ANMERKUNG FÜR HAFFNER: Bitte mit ihm Kontakt halten und jede Unter-
stützung gewähren.

Die Bundeswirtschaftskammer hat für ihren Handelsrechtsexperten Dr.
Bauer die Buchpräsentation "7000 Jahre Handel" im WIFI am Hohen Markt
übernommen. KR Steidl, aber auch Vizepräsident Schönbichler haben
bei einer großen Anzahl von Anwesenden das Buch und den Autor sozusagen
vorgestellt. Der einzige Schönheitsfehler war, daß dieses Buch in der
Schweiz gedruckt werden mußte. Wie Bauer nämlich dann in seiner An-
sprache erwähnte, hat sich kein österreichischer Verlag bereit erklärt
dieses natürlich auch mit einem gewissen Risiko verhaftete Buch zu
übernehmen. Der Schweizer Verleger, mit dem ich nachher gesprochen habe,
meinte, das Risiko ist sehr groß, er ist aber fest davon überzeugt, daß
durch den bilderbuchartigen Aufbau dieses Werkes er sehr wohl damit
rechnet, daß die Kosten hereinkommen. Gewinn, meinte er, ist sicherlich
damit kaum zu machen.

ANMERKUNG FÜR HAFFNER: Wenn einmal ein Handelsbuch gebraucht wird,
bitte darauf Rücksicht nehmen.

Der Österr.

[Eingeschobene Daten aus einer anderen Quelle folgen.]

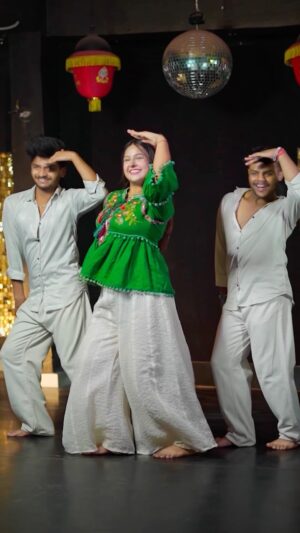 Priya Agarwal Instagram - Oo Re Chore 👀🦢🪞
Choreography- @my_name_is_govind_ 💕
@official_rishabh_garg @official_daksh3012 
.
.
.
#reels #reelsinstagram #instagood #instagram #oorechore #cute #look #ethnic #pyaar #viral #explorepage #dance #trend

Gewerbeverein hat wieder an drei Wissenschafter Exner-
Medaillen verliehen, drei Unternehmer ausgezeichnet und 2 Dutzend von
Arbeitnehmern, die Prokuristen oder Handelsbevollmächtigte oder höhere
Angestellte, teilweise aber auch Arbeiter sind, die eben 25 und mehr
Jahre in Betrieben beschäftigt sind, die dem Gewerbeverein angehören.
Der Gewerbeverein war einmal eine mächtige Organisation, Exner-Medaillen
hat der Professor Hahn, der Erfinder der Kernspaltung, Lise Meitner,
auch eine Atomphysikerin, dem Erfinder des Penizillins, Florey, usw. diese
Medaille in der Vergangenheit übergeben, dadurch fühlen sich auch jetzt
noch Ausländer, die diese Exner-Medaille bekommen, und auch österr.

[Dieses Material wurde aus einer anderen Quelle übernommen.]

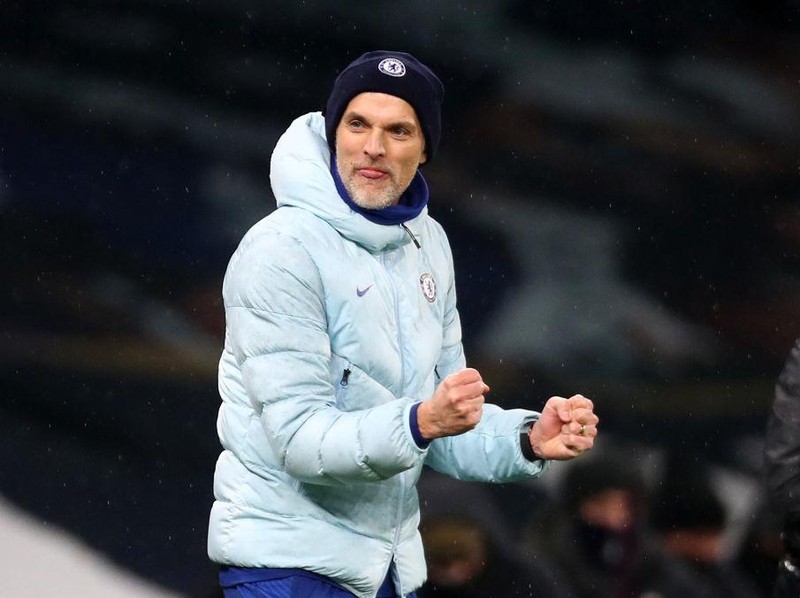 LONDON, ENGLAND - FEBRUARY 04: Thomas Tuchel, Manager of Chelsea celebrates following the Premier League match between Tottenham Hotspur Hotspur and Chelsea at Tottenham Hotspur Stadium on February 04, 2021 in London, England. Sporting stadiums around the UK remain under strict restrictions due to the Coronavirus Pandemic as Government social distancing laws prohibit fans inside venues resulting in games being played behind closed doors. (Photo by Clive Rose/Getty Images)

Wissenschaftler sehr geehrt, wenn sie dazu vorgeschlagen werden. Da
BK Kreisky ihnen Jahr für Jahr verspricht, daß er dran teilnimmt, dazu
aber dann immer jemanden anderen ersucht, habe ich schon etliche Male
Gelegenheit gehabt dort anwesend zu sein. Erstmals hat mich diesmal
Vescei begleitet, der für mich überraschend sofort richtig erkannte,
daß es sich hier in Wirklichkeit um eine vergangene Pracht handelt,
die Ausländer aber die Exner-Medaillen schon wegen der großen Anzahl
bedeutender Vorgänger auch bereit sind jetzt dafür nach Wien anzureisen.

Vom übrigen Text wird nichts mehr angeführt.